[
https://issues.apache.org/jira/browse/DROIDS-54?page=com.atlassian.jira.plugin.system.issuetabpanels:all-tabpanel
]
Mingfai Ma updated DROIDS-54:
-----------------------------
Attachment: SampleLink.java
attached is a sample implementation for review
- we still can make a LinkTask extend this base Link class, or just add more
method to this class (and optionally change it to LinkTask)
- it stores url as String, but the constructor always call new URI() to ensure
the url string is valid in construction time.
- stuff like toString, equals and hashCode maybe deleted in the final
implementation. or change them to follow this project's standard.
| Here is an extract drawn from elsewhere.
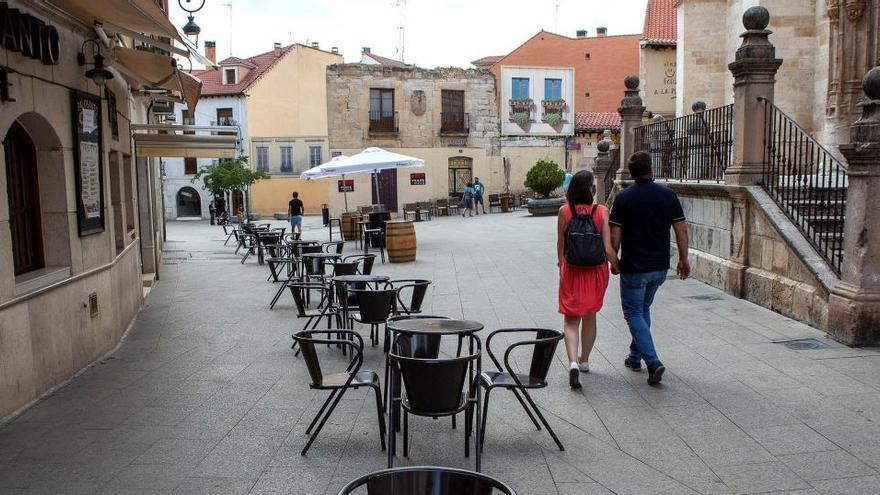 Una terraza vacía en Aranda de Duero.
- a few convenient method are added, such as getHost(), getURI(),
resolve(String) are added. for resolve, it's added just like the URI has a
resolve method. using a LinkResolver with the same base URI could be slightly
more efficient.
for me, i am using a crawler derived from Droids, and I make the all usage of
Link as <T extends Link>. e.g. LinkQueue<T extends Link> extends
PriorityBlockingQueue<T>. This also could be considered.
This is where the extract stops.